Nearly two years ago, my life took a painfully dramatic turn. My primary focus for nine years had been creating and maintaining a stable marriage and family and I’d poured everything I had into it. But suddenly I was faced with the reality that this life I’d been building was based on an illusion and not sustainable anymore. My world pretty much shattered at that point. But I needed to pick myself up and go back to full time work so I could support myself. Then I could start patching myself back together, while still being a stable and loving presence for my boys. It seemed impossible at the time, but somehow I got lucky and found a steady job in my field with benefits for me and my kids. It was a huge break and I am very thankful for it.
It’s definitely not ideal to be learning a new job and meeting new people when your life is falling apart. It makes small talk excruciating. You don’t want to be the freak who unloads all kinds of weird personal information onto your new coworkers during month one. Or ever, really. So I mostly kept to myself. Now I’ve been at my job over a year and have a pleasant relationships with my coworkers, but I don’t know any of them very well. It was too much of a minefield to talk about anything personal, especially at first. I never knew when I’d just burst into tears. But it turns out you can actually cry discreetly at work or pretty much anywhere in Austin, because there are always allergens in the air to explain away your red watery eyes and the way you go through a box of tissues a day. I learned to carry big sunglasses, eye drops, mascara and tissues with me at all times and I would head out for a walk if I felt like I was going to burst into tears. I think it’s pretty hard to tell if someone is crying when they are walking at a steady pace and wearing big sunglasses. You can run and cry as well, because sweat obscures the teariness, but eventually it is hard to breathe, so I can’t wholeheartedly recommend it. Crying in the car is a bad idea, but who can help it? Use caution. Luckily this phase does not last forever.
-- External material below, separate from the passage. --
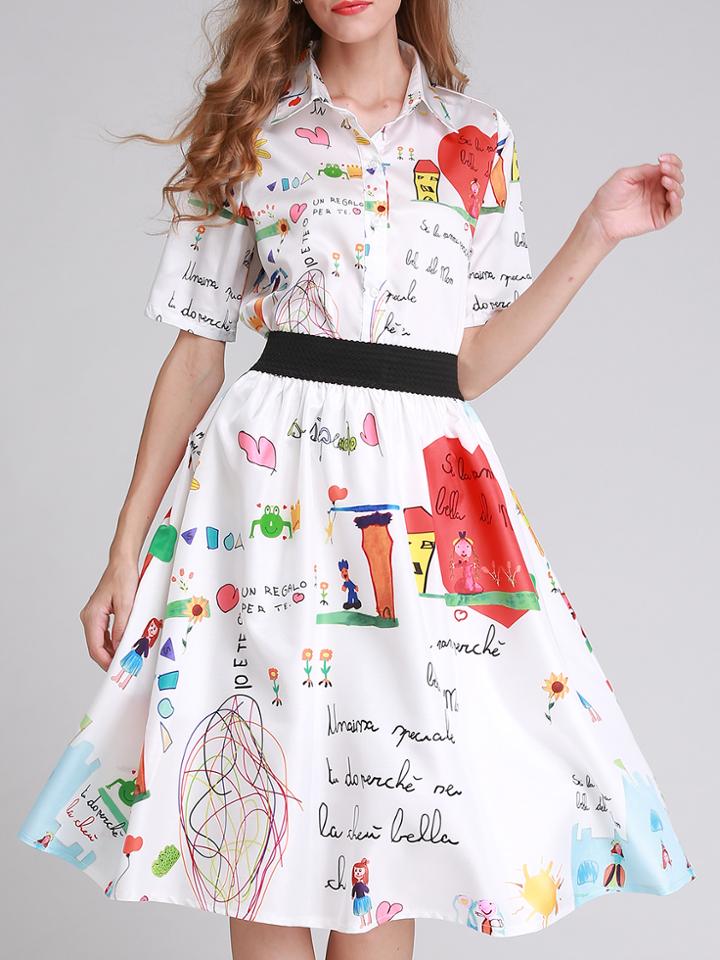 Shein White Lapel Cartoon Print Top With Skirt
Sometimes I feel like I feel like I am doing really well and have my life back together. But so far it hasn’t seemed to last for very long. I fall into tailspins where I’m filled with self-doubt and I don’t feel strong anymore. Last week was a rough one: my ex acted weirdly and put me in an uncomfortable situation, my children were angry and sad and I didn’t know how to help them, some guy I don’t know very well said something rude and careless to me. All of a sudden I felt every crack in my broken teacup of a life. And everything felt wrong again. So that’s where I am right now. In a slump, I guess. I’ve been here before, so it’s not like it’s unfamiliar territory. All I know to do is keep moving. I’ll take walks at lunch. I’ll run when I can. I’ll try not to dwell on the feeling of things being wrong. I’ll move my thoughts to something else when I get too focused on sadness. I’ll throw myself into work. I’ll try to write, though as you see, nothing funny comes out. But I’ll do it anyway. I’m writing this now, on my lunch break because it feels like I’m doing something productive to get it out. And I know a lot of you have been here, too. Maybe you’re in a slump right now. If so, I’m with you. We’ll just keep moving forward.
I’ll see and talk to the people I trust. The ones who know that this is where I am sometimes and they still accept and love me. The ones who help me see that I’m not doing everything wrong. That I am moving forward. It’s just taking the time it is taking. I am incredibly lucky to have a group of these people who help pull me up when I am falling down.
My kids’ hard time is the roughest thing for me. I want to make it better, but I want to give them the space to move through what they are moving through. My middle son is the one who is most obviously struggling these days. Last week he said he wasn’t sure if he’d ever be happy again. He’s eight. He reminds me that I can’t sink into any of this, because I have to show him how to pull himself up. I remembered an article I read that suggested that you can find “thin slices of joy” every day if you look for them. You can notice how nice the breeze feels on a walk or savor the first bite of something delicious or hear the beginning of a song you love or really notice how cute that goofy pug in a sweater is in the Facebook video your friend posted. Maybe you aren’t going to be happy all the time, but there are always little joys you can notice and that may help you get to a better place. I talked about this with my son and we’ve started trying to notice the little happy things in our lives. He’s been mentioning to me when he notices something good and I’m trying to do the same. We all got excited about the big full moon the other night. Maybe it will just become second nature to us. We’ll start automatically noticing all the little joys we are so lucky to encounter and things won’t seem as wrong anymore. We’ll learn how to be happy again. Maybe this is the beginning of the next phase.